Country Rock My Bloody Valentine?
Holler, Wild Rose! Hee-Haw: For years adventurous music fans have been bemoaning perpetually MIA shoegazing masters My Bloody Valentine, the groundbreaking British group's skyscraping/waterfall guitars and gloriously demented melodies one of the great sounds from the late '80s/early '90s. Rumor has it that a reunited MBV will perform at Coachella 2008; MBV leader Kevin Shields is similarly rumored to be hard at work on a solo album. Meantime we have bands like Film School, and now, Holler, Wild Rose! to keep the MBV flame alive.
Taking pages from the selected works of Pink Floyd and Radiohead as well as My Bloody Valentine, Holler, Wild Rose! cut-and-paste sonic dementia in large brush strokes. Guitars bleed and sprawl over echo-laden drums; vocalist John Mosloskie apes Thom Yorke like a caged parrot; the songs surge and refract light like a day washed LSD trip. The only real bit of originality Holler, Wild Rose! brings to this mash-up is an almost subliminal infusion of country rock style. It's hard to detect in phantasmagorical tracks like opener "Holler, Wild Rose!," balladic thumper "Mercy Beat," or ambient closer, "Promise Braid," but a country influence is apparent, as if the band (which hails from New Jersey) has spent much time wasting away in some California desert looking for the ghost of Gram Parsons amid the cactus and rattlers. It could be in the guitars which at times recall the laptop steel symphonies of Sneaky Pete Drake, or maybe it's the minor drawl which invades Mosloskie's otherwise Yorke inspired vocals.
But beyond exact influences, Holler, Wild Rose! know how to organize their collective spew (splattered forth by Ryan Smith [drums/percussion], Ryan Cheresnick [guitars], Scott Vangenderen [bass], Mike Ortega [keys/guitars/vocals] and Lou D'Elia [guitars]) into compelling music that defies easy categorization.

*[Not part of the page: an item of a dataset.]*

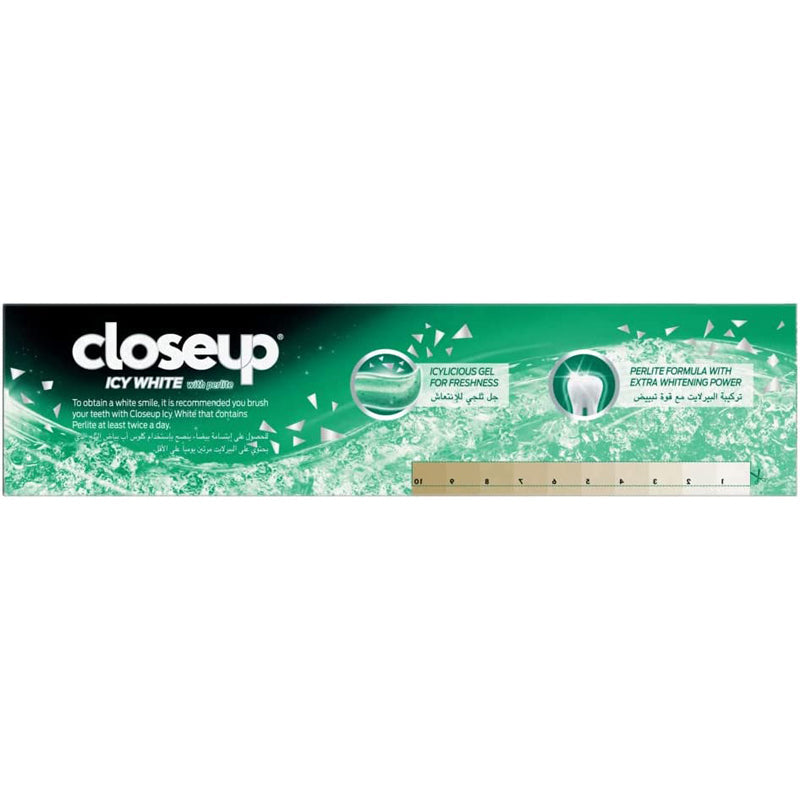 CLOSE UP Icy White Toothpaste, For Extra White Power, Menthol Burst, with Perlite, 100ml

Space rock? Gregorian odes coupled to ambient time travel? Holler, Wild Rose!'s debut, Our Little Hymnal, sets the clock for the heart of the sunrise, blasting their prayers into deep space.
"Marylawn Hair" flails guitars and drum loops like the best MBV; "Sun Vines" briefly thumps a mocking Liverpudlian beat over finger-plucked guitars and vocals of pure woe.
"Marylawn Hair" (MP3, 5:04)
"Sun Vines" (MP3, 7:03)
Maria Schneider's Sky Blue: These days, big band music is pretty much forgotten amid our nation's obsession with fast food, fast music and fast self satisfaction. But for those who take the time to listen, the genre remains a healthy, vital ingredient to American jazz. New York based composer Maria Schneider leads one of the world's best big bands, and she has garnered multiple commissions and packed houses as well as a 2005 Grammy Award for her album, Concert in the Garden (the first Grammy winning recording with Internet-only sales). Sky Blue, the X album from the Maria Schneider Jazz Orchestra, is a deeply swinging, deeply felt collection of five tracks that have all the ebb and flow of a swollen river in need of release.
Three selections from the album--"Aires De Lando," "Rich's Piece," and "Cerculean Skies"--show Schneider to be a gifted composer of atmospheric sound pieces, more like sonic impressions from a dream that roaring tributes to "Sing Sing Sing."